What do you do when you're the only college for miles in the middle of rural upstate New York? Invest in online-only courses.
It's a strategy that's worked for SUNY Delhi, a rural technical college in the Catskills that just tied for first place in U.S. News & World Report's 2014 rankings for Best Online Bachelor Programs. (The other first-place winner for the category was Central Michigan University.)
Delhi got the nod for its online Bachelor of Science in Nursing program, designed to allow working nurses to earn a bachelor's degree. The college specializes in technical degrees -- programs like culinary arts, criminal justice, and turf management.

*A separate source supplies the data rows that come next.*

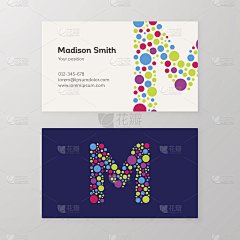 现代字母M圈名片模板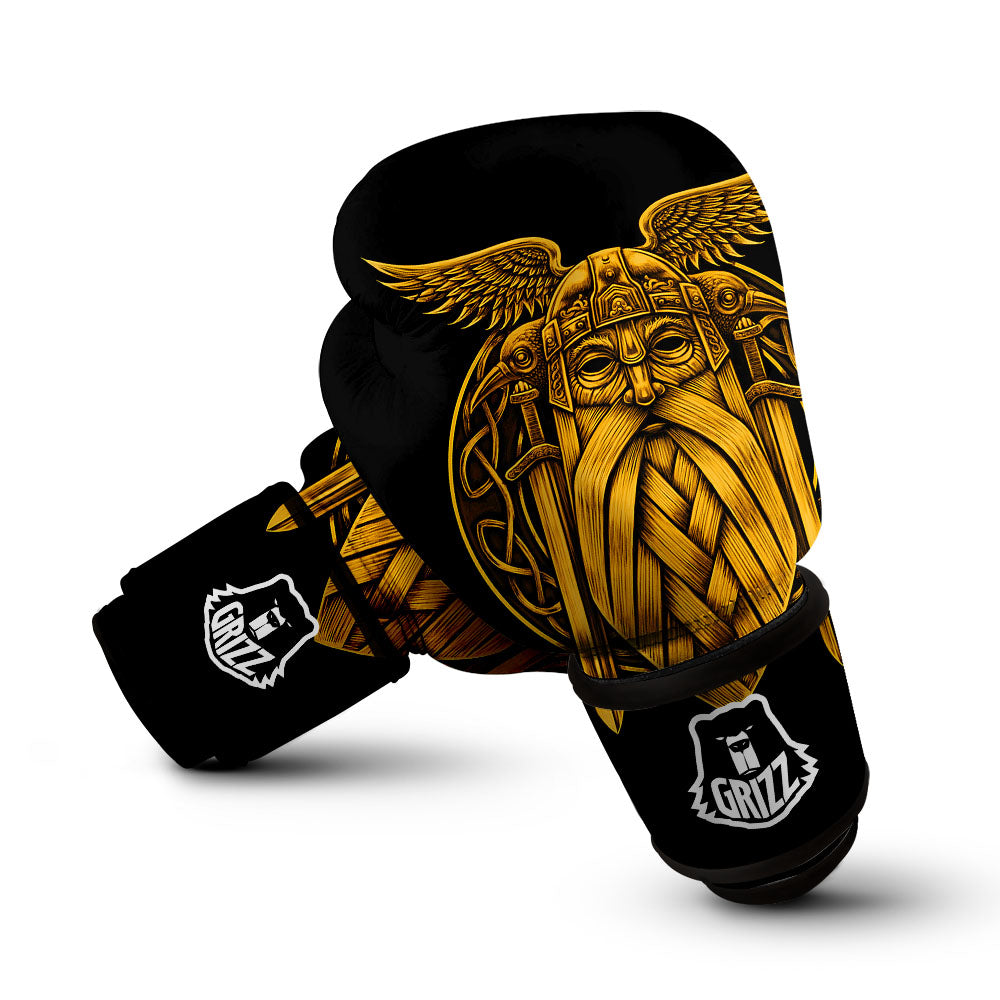 Odin God And Crow Gold Viking Print Boxing Gloves-grizzshop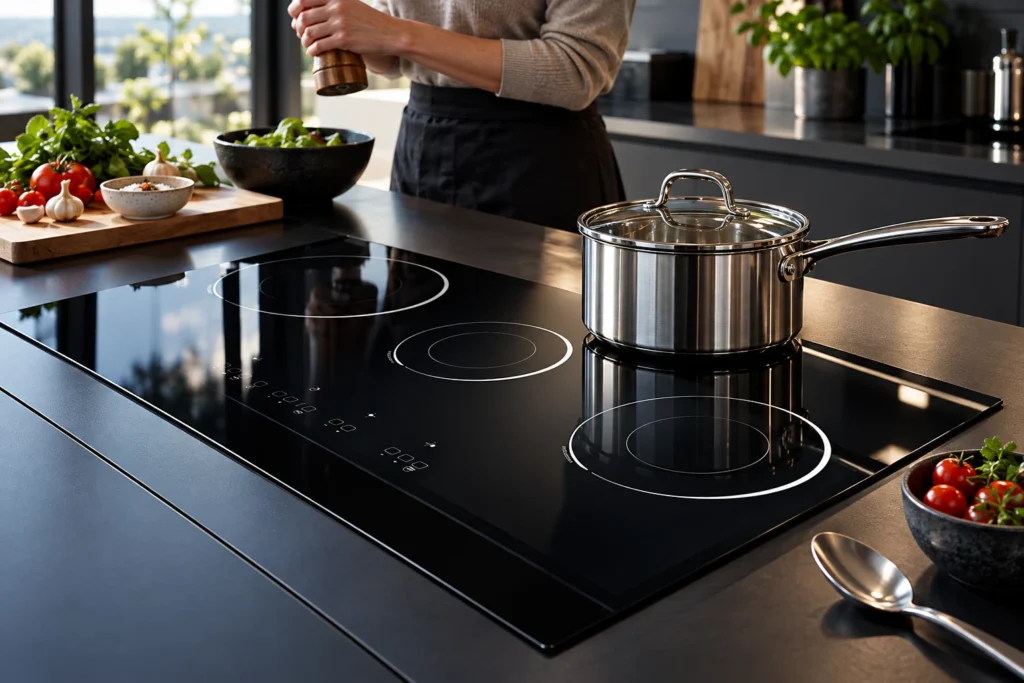 Induction Hob Keep Warm Function: Separate Gentle Heating from Safe Food Holding — reference-based black glass-ceramic illustration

Increasingly, Delhi is putting those courses online. According to a press release, the online nursing program was started in 2008 and is enrolling 745 students this semester. The college has also launched an online criminal justice bachelor's degree progarm, the first in the SUNY system, and just received approval from SUNY officials to establish Delhi's first-ever masters degree, an online-only masters of science in nursing.
Like many universities, the entire State University of New York system is investing in online courses lately. This month, SUNY announced its new "Open SUNY" online courses intiative. Delhi's BS in Nursing program is one of eight courses that Open SUNY will offer when it launches, according to a college press release.
It seems fitting that a technical college in the rural heart of Delaware County is pioneering online education. For far-flung students in a county bigger than Rhode Island, driving to classes is no joke.
The dean of Delhi's nursing program, Mary Pat Lewis, explains in a SUNY Delhi video that the college put out a "widespread regional survey" to find out whether there was interest in online learning. The response from Catskills residents and other prospective students was a resounding 'yes.'
Local color alert: In the video, as Lewis speaks about "geographical constraints and rural locations," there is a shot of a long-abandoned, vine-encrusted house that has been a derelict landmark on Route 28 in Arkville for decades.